▶ Exercise goal: Restate, word for word and with no pictures, the stretch of lines in the data below that begins at the line with "The more proficient" and ends at the line with "My name is Simone", inclusive.

▶ Given records:
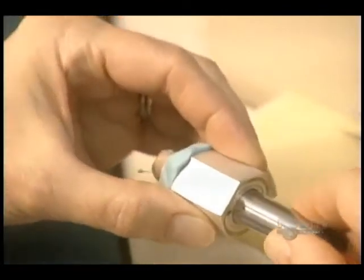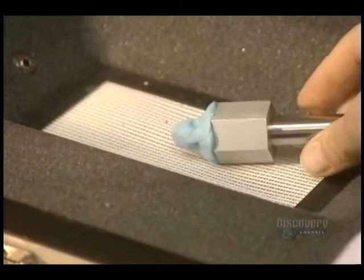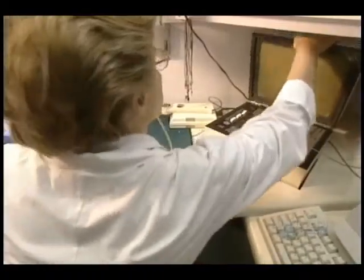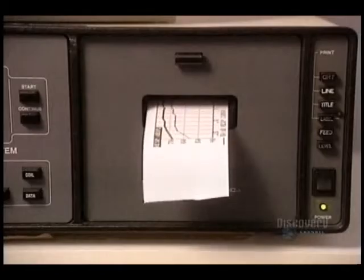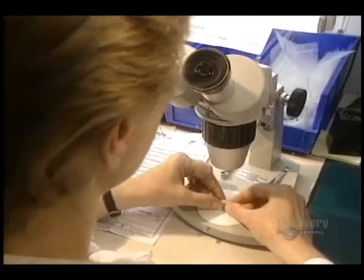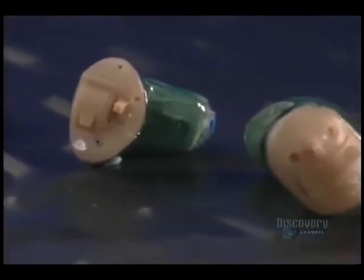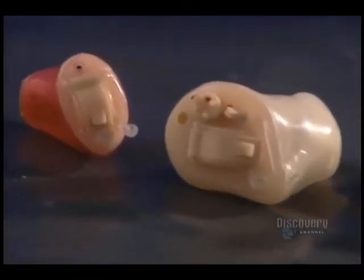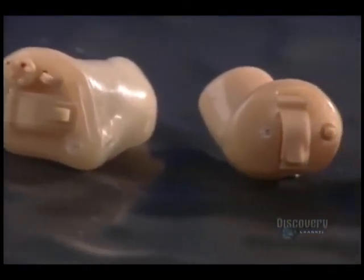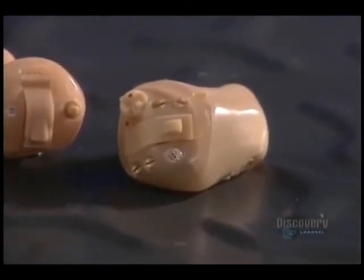The prosthesis is now completed. There remains one important step: verifying its electroacoustic characteristics. It's with this analyzer that they validate that the hearing aid conforms to the original prescription. These minute prostheses allow us to solve the main hearing problems. Microfabrication of a single unit requires a little more than two days of work.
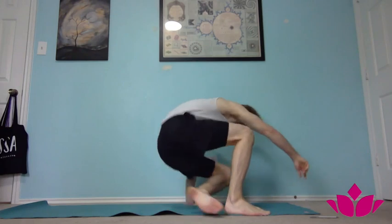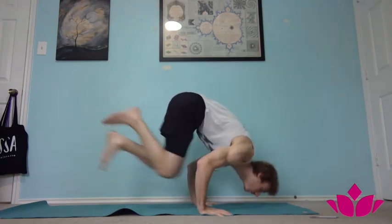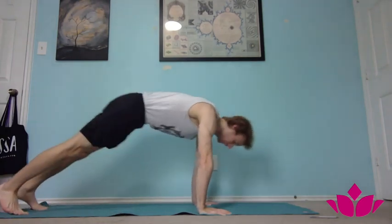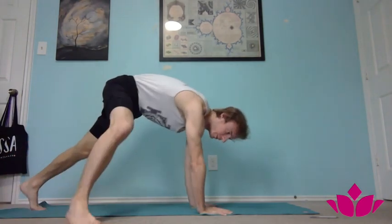The more proficient you get, the easier it'll be to pick, cross, and push, then go to downward facing dog. We'll continue with jump throughs in the next one. We'll see you next time guys. Bye.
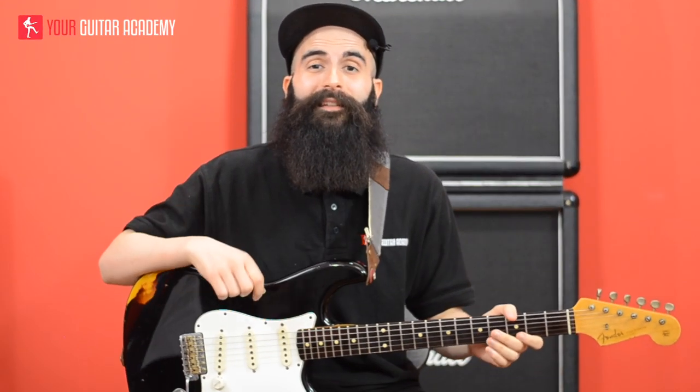My name is Simone from Your Guitar Academy. If you're watching this on YouTube, don't forget to subscribe to our channel to check out all the other guitar lessons that we have available here on YouTube.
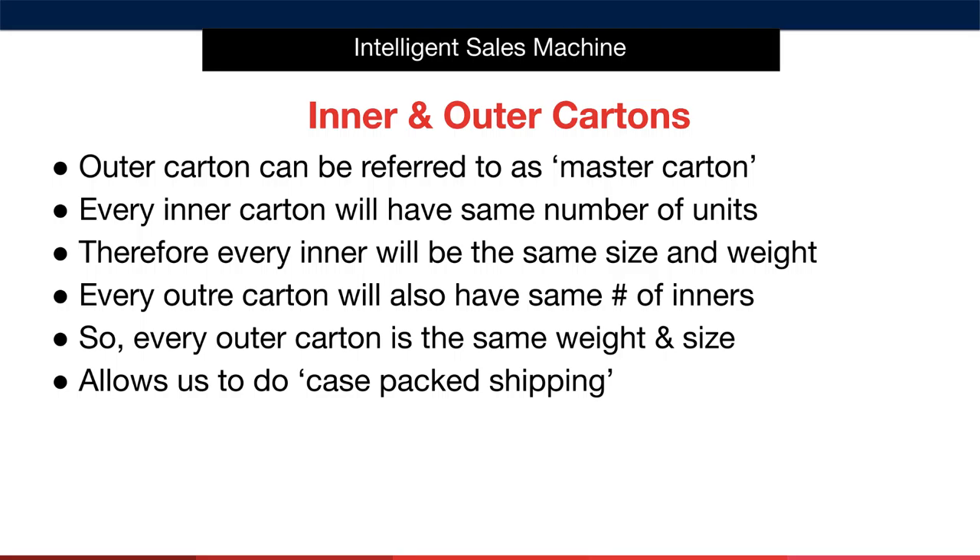So, to confirm, let's say your inner carton can hold 8 units of a product and your outer box can hold 4 inner boxes. That would mean that the total number of units in the carton is 32 units. As a result, every single outer box of that SKU would hold the exact same number of inner boxes and those inner boxes would all contain 8 units.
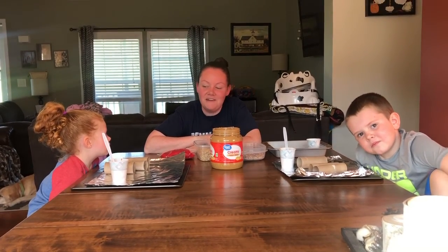Hi everyone! We finally have a really nice spring day outside, so we thought that we would show you how to make some bird feeders with some stuff that you might have laying around your house.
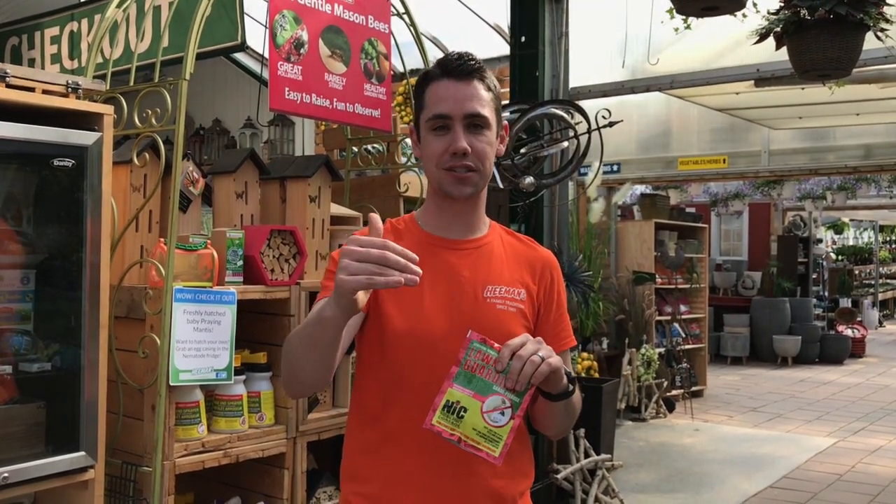Hey everyone, Will at The Greenhouse here in Hemans. We're talking about nematodes today. A lot of you asked before, can you please tell us when it is appropriate timing to apply nematodes in our lawn so that we can kill the grubs — and this is that video. It is officially time to apply nematodes to get those nasty grubs under control.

▶ Task solution:
The more proficient you get, the easier it'll be to pick, cross, and push, then go to downward facing dog. We'll continue with jump throughs in the next one. We'll see you next time guys. Bye.
My name is Simone from Your Guitar Academy. If you're watching this on YouTube, don't forget to subscribe to our channel to check out all the other guitar lessons that we have available here on YouTube.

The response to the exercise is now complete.